DraftKings hosted its earnings call on Friday morning and its executives outlined how successful the company was over the first quarter of 2024.
The gaming giant generated just under $1.2 billion in revenue over the first three months of the year. Those numbers exceeded projections by so much that DraftKings executives had to adjust projections for the rest of the year.
DraftKings Ohio made its own impact on that first quarter bottom line through its sportsbook operations. Despite its success, DraftKings remains behind FanDuel Ohio in the race to be the most popular operator in the Ohio sports betting market.
DraftKings attributes Q1 2024 success to five pillars
DraftKings stated it generated $1.18 billion in revenue in the first quarter of 2024, a massive 53% jump from the previous year. That means DraftKings accumulated $405 million more in revenue than Q1 of 2023, when it gathered $770 million.
DraftKings executives outlined five pillars for the company’s sizable revenue spike in the first quarter of 2024:
- Continued healthy customer engagement.
- Efficient acquisition of new customers.
- Expansion of DraftKings Sportsbook into new markets.
- Higher structural hold percentage.
- Improved promotional reinvestment for sportsbook and iGaming.
DraftKings co-founder and Chief Executive Officer Jason Robins outlined these improvements in his prewritten remarks on first-quarter revenue growth.
“DraftKings’ performance in the first quarter of 2024 was outstanding, reflecting healthy revenue growth and a scaled fixed cost structure that positions us to drive rapidly improving adjusted EBITDA. We successfully launched our online sportsbook in Vermont and North Carolina with highly efficient customer acquisition.”

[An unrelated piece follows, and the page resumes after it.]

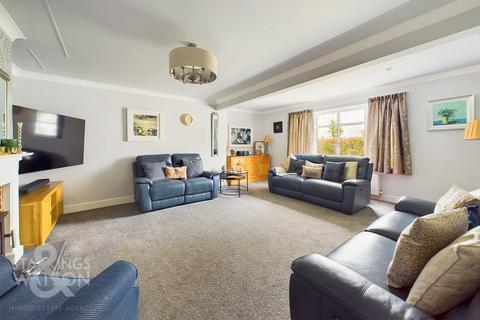 Vineyard Cottage Mill Lane, Pulham Market, Diss, IP21 4XL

Despite success, DraftKings still struggles to catch FanDuel in Ohio
DraftKings Ohio contributed a significant amount of revenue to the company’s Q1 financial statement.
Overall, the DraftKings mobile sportsbook in Ohio accounted for 6.6% of the total company-wide revenue in the first quarter of 2024. It generated $78.5 million in revenue in the first three months of 2024 after taking $736.9 million of wagers.
Despite its success, DraftKings, which sits in second overall, still trails FanDuel as the most popular option in the Ohio sports betting market. That trend continued in the first quarter of 2024.
FanDuel Ohio, which offers both retail and mobile sportsbook options in the state, took $770.2 million in wagers as of the March Ohio sports betting report. That amounts to 4.3% more than DraftKings. That handle generated $108.2 million of revenue, drastically outpacing DraftKings by $29.7 million, or 27.4%.
There is still quite a bit of ground to make up in Ohio for DraftKings, but the company expects to continue growing over the remainder of the year. Gaining market share is never easy, but DraftKings has shown growth in too many areas to count it out as a possible top choice in the Ohio sports betting market.
DraftKings adjusts FY2024 projections after successful first quarter
The success in the first quarter of 2024 has forced to DraftKings executives to raise their expectations for the rest of the year. Chief Financial Officer Alan Ellingson discussed some of those new projections during the Q1 earnings call.
Ellingson said:
“We are raising the midpoint of our fiscal year 2024 revenue guidance to $4.9 billion from $4.775 billion and the midpoint of our adjusted EBITDA guidance to $500 million from $460 million as a result of our excellent first-quarter results and improved outlook on customer acquisition and engagement for the rest of 2024. We expect adjusted EBITDA flow-through percentage to exceed 50% for fiscal year 2024 as we expand our gross margin and exert discipline on our cost structure, while simultaneously investing in promotions and marketing in accordance with our LTV (loan-to-value) to CAC (customer acquisition cost) targets.”
To hit those goals, DraftKings is relying on the same things that led to success in the first quarter. It seems DraftKings’ mindset is to not change what is clearly working. Robins said as much during his prepared remarks.
Robins said:
“Looking ahead, we remain committed to maximizing shareholder value through continued innovation, operational excellence and disciplined capital allocation.”